Prosecutors Probe Senior UNM MP Bakradze’s ‘Undeclared Bank Account’
Prosecutor’s office said on August 20 it launched a probe into undeclared bank account of UNM parliamentary minority leader MP Davit Bakradze.
It also said that origins of over 276,000 British pounds, which was deposited on the two accounts in question in HSBC bank, would also be examined.
Information about these bank accounts emerged after two letters purportedly from HSBC UK addressed to Bakradze and his wife were posted by anonymous user on a fake Facebook account on August 19, The July 28, 2014 letters were notifying Bakradze and his wife about closure of their deposits upon their instructions; letters were then reposted by some Georgian websites.
Prosecutor’s office said that the information reported by some media sources about Bakradze’s bank accounts indicate on possible crime. It said that information about those bank accounts and amount of money on those accounts was not indicated by Bakradze in annual asset declaration of public officials.
Investigation has been launched under the two clauses of criminal code – one dealing with legalization of illicit income and another one with deliberately providing incorrect or incomplete data in the annual asset declaration, according to the prosecutor’s office.
In a written statement on August 20, MP Bakradze, who was speaker of the parliament in 2008-2012, confirmed depositing USD 400,000 in HSBC in 2009. The money, he said, came from sale of his father-in-law’s house in Krtsanisi district of Tbilisi in 2002; the property was purchased by the Swiss embassy, said Bakradze, who also released the relevant sale and purchase contract. He also said that his bank accounts have nothing to do with illicit income
In 2010 asset declaration Bakradze indicated about having USD 40,000 deposit at HSBC, but there was no mention of this bank account in his declarations in following years.

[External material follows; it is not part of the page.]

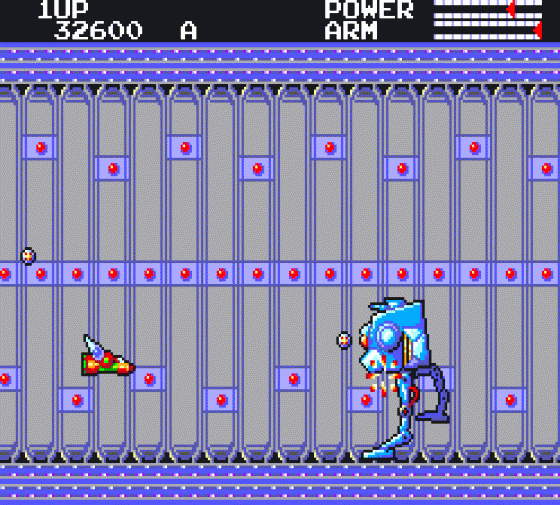 Transbot Screenshot 6 (Sega Master System (EU Version))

In the statement Bakradze said the fact that correspondence between the bank and its client was made publicly available demonstrates government’s continued practice of illegal surveillance. Bakradze said it also shows that the government is “widely applying and encouraging practice of persecution and surveillance of political opponents, as well as publishing of confidential private information for the purpose of revenge.”